Dispatch from the Icebox: Wildlife Update
It’s cold here in the Northeast. Today the dog and I went down to the river.
We were surprised to see the river flowing freely with just a few large ice chunks floating by the shore.
You can see ice over by the Jersey shore, but virtually none on our side. Yesterday, the river had an ice crust stretching out to the middle of the mighty waters.
(The images below are drawn from the past three weeks of wintry walks and window watching.)
Nothing stops the dogs or their walkers, not even the deep freeze machine.
Dogs gotta walk, and birds gotta eat.
They also have to stay warm.
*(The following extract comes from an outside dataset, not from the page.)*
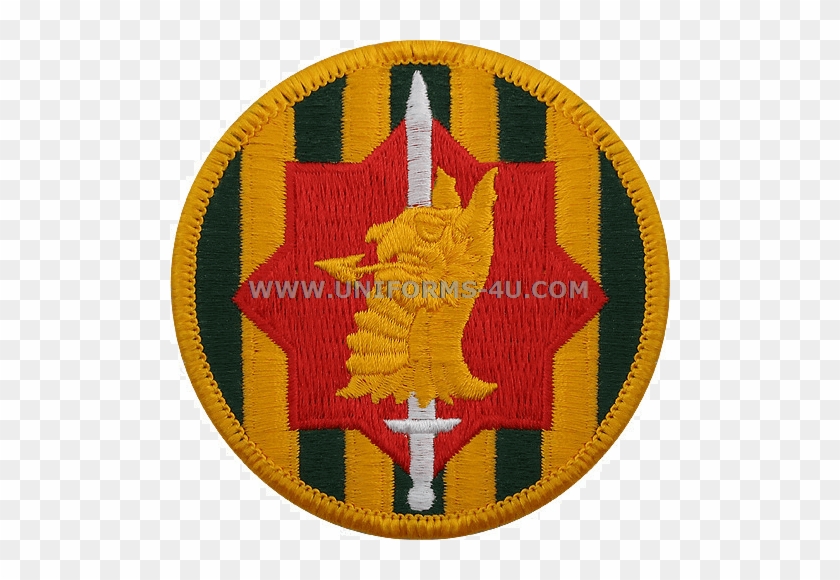 89th Military Police Brigade Class A Patch #707358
Look at these mourning doves, puffed up like little Michelin men.
And this flock of starlings trying to catch some eastern roof rays on a morning when the temperature hovered in the teens.
The feral cats in Morningside Park are fed hearty meals year-round by well-meaning humans. Feeding cats also feeds rats, which contributes to a burgeoning rat population, which leads humans to set out poison for the rats that eat the cat food which leads to the death of the hawks that eat the rats that eat the trash that humans set out to feed the cats that live in the park. (Read that five times fast.)
It’s a regular “This is the house that Jack built” scenario, except that the cats (indirectly) feed the rats instead of just eating them, as in the old nursery rhyme.
Here are a couple of our apex predators, viewed from my window, that do their best to keep our rat and pigeon population under control.
I haven’t seen a Riverside Park raccoon for some time. They must be laying low inside their snowy den.
There may even be babies snuggled up in there, or, if it’s still too early in the season, a pregnant female, waiting for spring. Come spring, I’ll hope to see the whole family out and about on the retaining wall and in the park.